There are not a lot of people living, who remember where they were when the Japanese bombed Pearl Harbor in Hawaii, on Dec. 7, 1941.
Our family had a large Philco radio which required a hug battery.
On that fateful day, my parents were listening to the evening news on that radio. My siblings and I were playing on the porch. All of a sudden, our parents walked out to where we were.
Mama was crying and Daddy had his arm around her.
Daddy said, “Children our country is at war. This morning, the Japanese bombed Pear Harbor in Hawaii!"
Mama started sobbing and said, “Many of our men will go with the military to fight.”
I ran to my daddy, grabbed his hand, looked up and said, “Daddy don’t leave us to go to war, I would miss you so much!”

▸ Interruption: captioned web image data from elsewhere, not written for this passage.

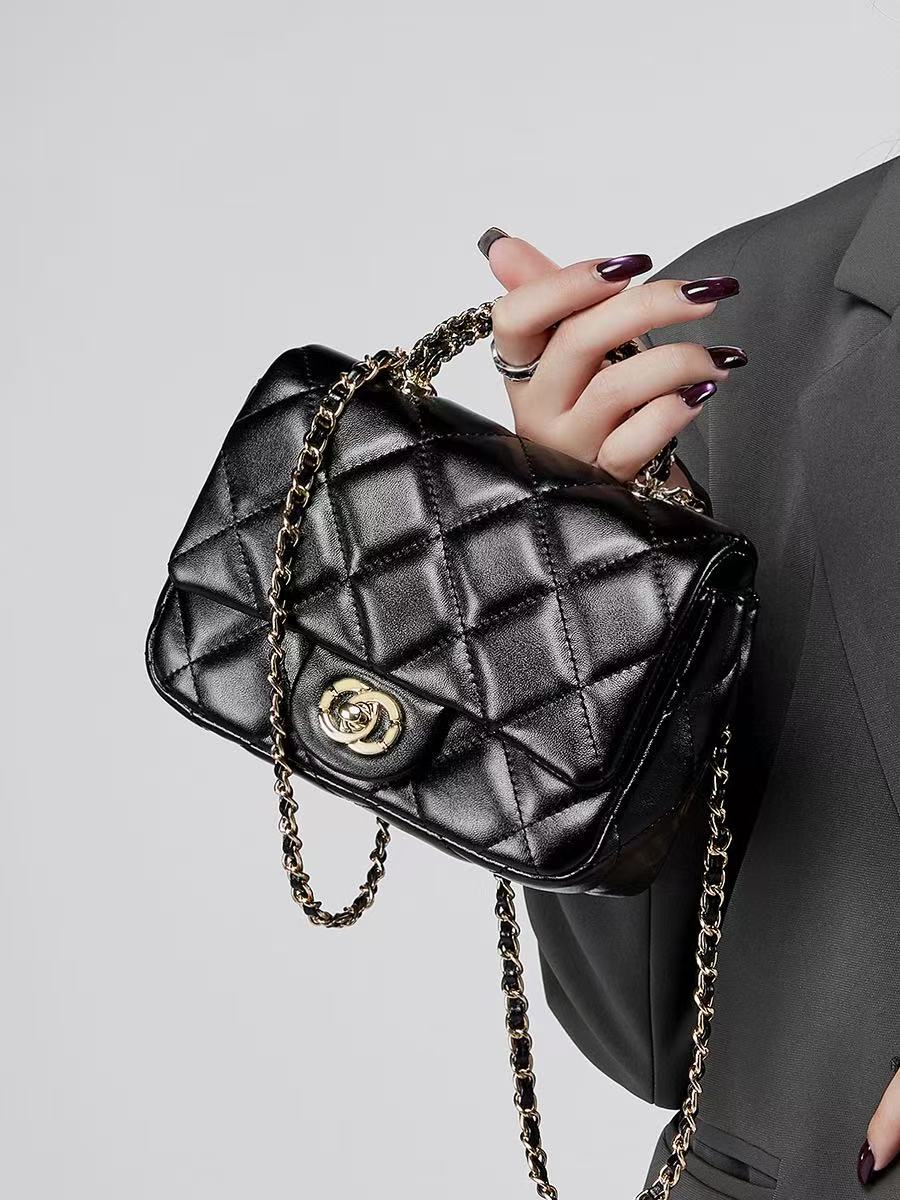 Small Quilted Leather Chain Bag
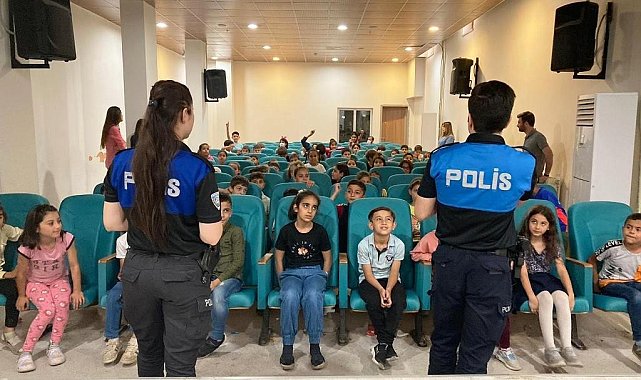 Cizre'de ilkokul öğrencilerine polislik mesleği tanıtıldı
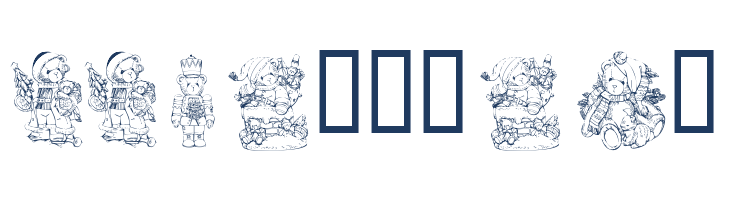 KR Holiday Teddies Two font — Lorem ipsum body text preview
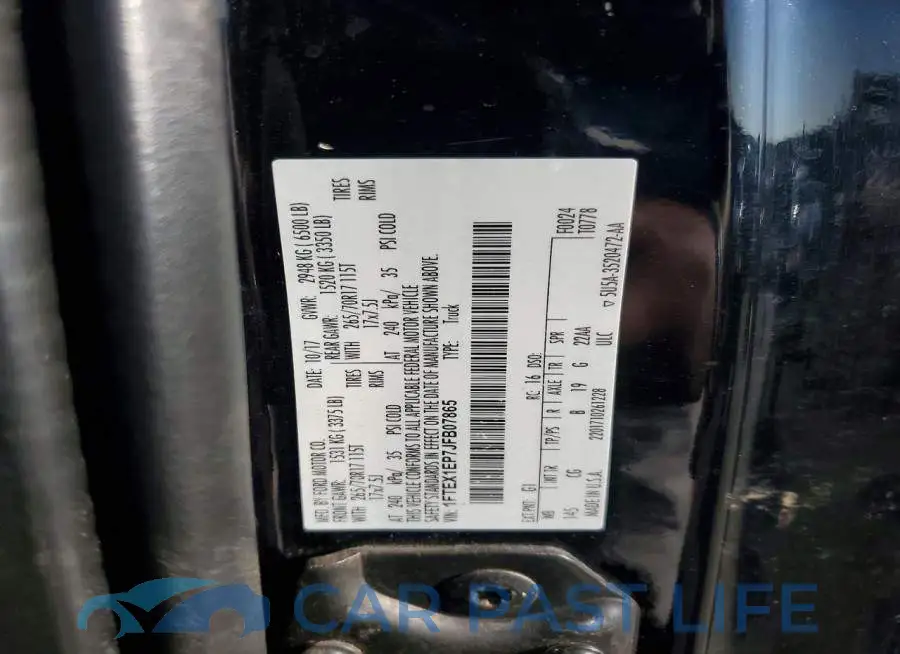 1FTEX1EP7JFB07865# 12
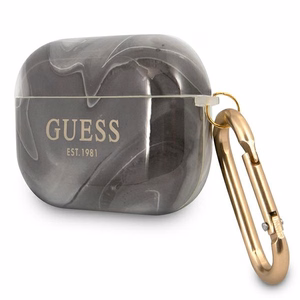 Guess GUAPUNMK чехол AirPods Pro чёрный/чёрный Marble Collection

Mama stopped crying, laughed and said, “Child, your father will not be drafted. The government would have to give us too much money for allotments because of the size of our family. It would break the government.”
We all laughed.
I did have one brother, Morris, who joined the U.S. Navy at only 16. He served for almost 36 years.
Two of my cousins, Vernon King and Duward Lightsey, also served in WWII and died for their country.
My brother, Gene, served after WWII in the restoration of Japan and my brother, Ray, served in the Korean conflict five years after WWII had ended.
As children in school we were very patriotic and sang enthusiastically about America. We learned to appreciate America.
We had “air raid” practice where we learned to hide under our wooden desks. They were much like fire drills except we didn’t go outside.
These memories will stay with me and remind me of how fortunate we are to live in “The Land of the Free, and the Home of the Brave.”
We are truly blessed to call America home.